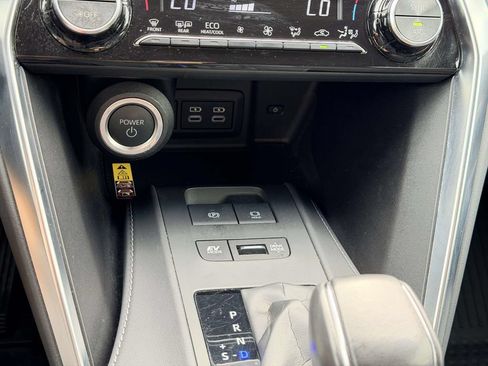 Certified 2024 Toyota Venza LE AWD/4WD image 6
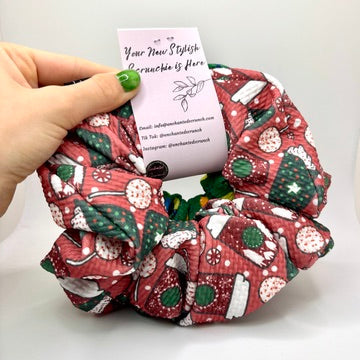 Green Lights and Coffee Christmas Scrunchie Set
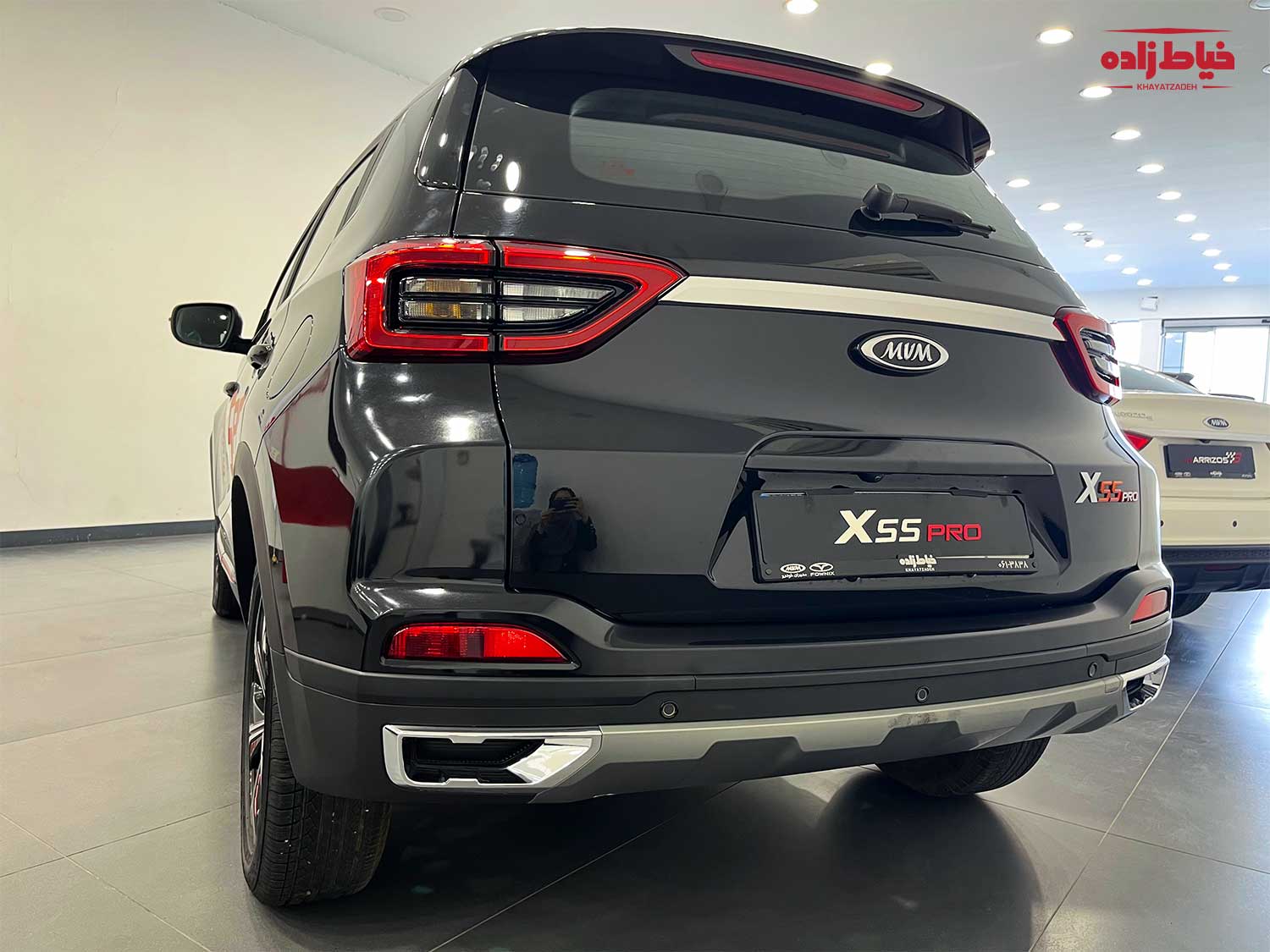 ایکس 55 پرو از نمای عقب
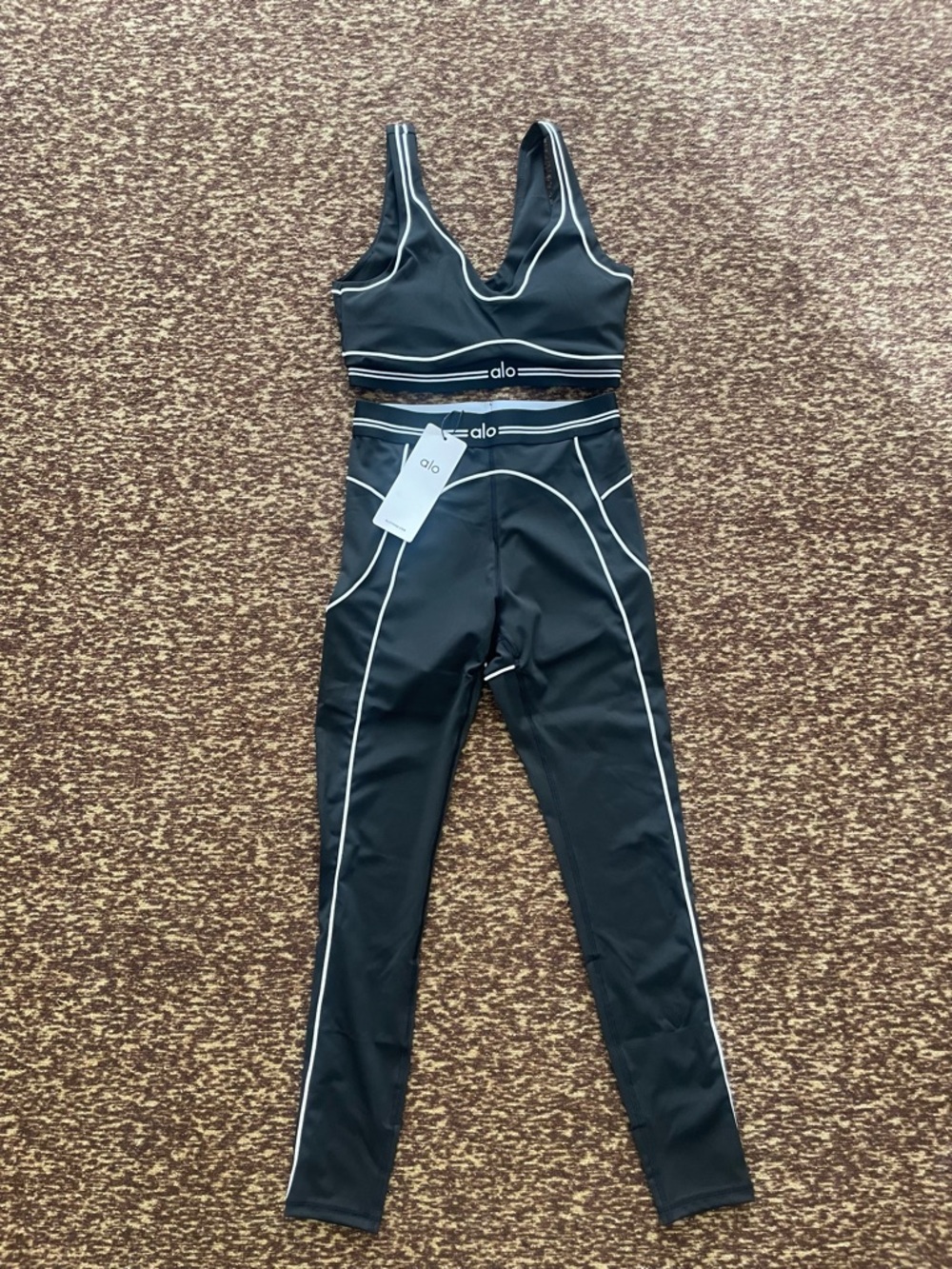 ALO Yoga Black Leggings & Matching Sports Bra with White Piping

•••••

### What this task involves
The reply must hold every line above exactly as written and none of the pictures.

### Answer
 Certified 2024 Toyota Venza LE AWD/4WD image 6
 Green Lights and Coffee Christmas Scrunchie Set
 ایکس 55 پرو از نمای عقب
 ALO Yoga Black Leggings & Matching Sports Bra with White Piping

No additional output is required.